ANOVA Flashcards
What is the regression error sum of squares (SSE)?
SSE (Error Sum of squares) is variation due to factors other than the relationship between X and Y
What is the regression sum of squares (SSR)?
SSR (Sum of squares) is a variation that is explained by the relationship between X and Y
How is the SST value calculated?
SST is the total sum of squares. It is deermined by adding SSR and SSE to get a complete measure of variation of the Yi values around their mean (Ȳ).
What does the correlation coefficient (r) measure?
The correlation coefficient measures the strength of the relationship between X and Y.
What is the coefficient of determination(r2)?
The coefficient of determination is the regression sum of squares, divided by the total sum of squares.
r2 = SSR/SST
What is the difference between:
coefficient of determination and correlation coefficient?
The correlation coefficient (r) is multiplied by itself to get the coefficient of determination (r2).
The coefficient of determination (r2)demonstrates a percentage of variation in y, which is explained by all the x variables in the model. This value is always between 0 and 1.
The coefficient of correlation (r) is the degree of relationship between two variables, i.e. x and y. It can fall between -1 and 1.
What is another term for the concept of “Residual”?
Estimated error value.
What is the equation to calculate residuals (estimated error value) for any point in a regression model?
ei = Yi - Ŷi
Where Yi is the observed value and Ŷi is the predicted value.
What table is displayed in the image? What is it for?
ANOVA table.
It is used to summarize regression terms applicable to models being evaluated. Especially to determine the F test statistic and p-value for hypothesis testing against a regression model.
For a straight line probabilistic model, there are 6 possible relationship types. WHat are they?
(Hint: PL, NL, PC, NC, UC, NA)
Positive linear
Negative linear
Positive Curvilinear
Negative curvilinear
U-shaped Curvilinear
No relationship
What part of the simple linear regression model is the deterministic component?
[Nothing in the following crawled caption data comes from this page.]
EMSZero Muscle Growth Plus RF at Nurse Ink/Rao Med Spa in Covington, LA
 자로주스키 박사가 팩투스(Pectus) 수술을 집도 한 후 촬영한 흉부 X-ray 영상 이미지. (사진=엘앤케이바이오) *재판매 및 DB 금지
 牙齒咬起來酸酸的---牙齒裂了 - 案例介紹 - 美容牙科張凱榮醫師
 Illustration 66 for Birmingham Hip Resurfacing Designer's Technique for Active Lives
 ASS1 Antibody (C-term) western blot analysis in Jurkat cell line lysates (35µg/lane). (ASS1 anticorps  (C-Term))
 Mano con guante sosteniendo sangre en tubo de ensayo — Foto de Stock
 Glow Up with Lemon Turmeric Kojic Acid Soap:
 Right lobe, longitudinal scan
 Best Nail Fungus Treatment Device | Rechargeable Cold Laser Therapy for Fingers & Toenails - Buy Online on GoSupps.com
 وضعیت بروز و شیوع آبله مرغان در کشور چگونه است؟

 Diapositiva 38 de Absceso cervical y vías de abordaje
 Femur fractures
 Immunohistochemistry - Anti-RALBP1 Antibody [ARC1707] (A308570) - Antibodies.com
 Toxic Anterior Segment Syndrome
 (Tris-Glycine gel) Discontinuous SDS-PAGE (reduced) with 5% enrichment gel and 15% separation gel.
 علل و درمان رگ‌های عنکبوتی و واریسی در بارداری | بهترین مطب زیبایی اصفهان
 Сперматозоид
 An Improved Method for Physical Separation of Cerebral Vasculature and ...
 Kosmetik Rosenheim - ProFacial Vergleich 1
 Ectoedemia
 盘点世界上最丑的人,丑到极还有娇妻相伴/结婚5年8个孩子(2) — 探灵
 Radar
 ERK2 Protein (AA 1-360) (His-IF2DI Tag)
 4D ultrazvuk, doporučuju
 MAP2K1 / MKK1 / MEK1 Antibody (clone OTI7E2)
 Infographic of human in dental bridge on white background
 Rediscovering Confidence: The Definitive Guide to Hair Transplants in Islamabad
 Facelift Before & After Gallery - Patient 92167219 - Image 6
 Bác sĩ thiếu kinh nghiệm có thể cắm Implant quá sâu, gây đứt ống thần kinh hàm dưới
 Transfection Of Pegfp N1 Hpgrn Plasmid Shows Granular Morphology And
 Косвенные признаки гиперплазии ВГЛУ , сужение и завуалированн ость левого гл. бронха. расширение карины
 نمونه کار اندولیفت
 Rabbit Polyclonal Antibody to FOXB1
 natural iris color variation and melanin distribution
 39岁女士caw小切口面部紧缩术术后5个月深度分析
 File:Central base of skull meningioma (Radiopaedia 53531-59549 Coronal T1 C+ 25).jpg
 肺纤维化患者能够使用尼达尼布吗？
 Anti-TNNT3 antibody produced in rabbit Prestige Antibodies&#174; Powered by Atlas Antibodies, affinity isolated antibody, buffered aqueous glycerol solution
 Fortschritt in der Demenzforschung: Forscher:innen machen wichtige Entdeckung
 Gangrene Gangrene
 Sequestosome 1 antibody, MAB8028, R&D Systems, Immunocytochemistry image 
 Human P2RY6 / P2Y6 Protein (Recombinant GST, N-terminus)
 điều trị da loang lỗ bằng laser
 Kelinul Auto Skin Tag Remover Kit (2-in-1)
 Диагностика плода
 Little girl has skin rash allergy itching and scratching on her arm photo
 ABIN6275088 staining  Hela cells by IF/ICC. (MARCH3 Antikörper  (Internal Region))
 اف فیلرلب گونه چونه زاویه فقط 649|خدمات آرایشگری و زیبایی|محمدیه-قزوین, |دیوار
Y=β0+β1X+ε is the simple linear regression model.
E(y) =β0+β1X is the deterministic component of the regression model.
What is the model equation for a simple linear regression model?
Y=β0+β1X+ε
Where Y = dependent variable (aka response variable)
β0 = y-intercept for the population
β1 = slope for the population
X = independent variable (aka predictor of Y)
ε = random error component
Reminder: without the ε component, the equation
E(y) =β0+β1X is the deterministic component of the regression model.
What are three measures of variation to observe when working with linear regression models?
SSR (regression sum of squares)
SSE (error sum of squares)
SST (total sum of squares)
How do we calculate the SST (total sum of squares)?
This is the total sum of squares.
∑(Yi - Ȳ)2
This reads as the sum of the difference between the observed Y and the average of Y, squared.
How do we calculate the SSE (error sum of squares)?
This is the unexplained variation or error sum of squares.
∑(Yi - Ŷi)2
This reads as the sum of the difference between the observed Y and the predictedY, squared.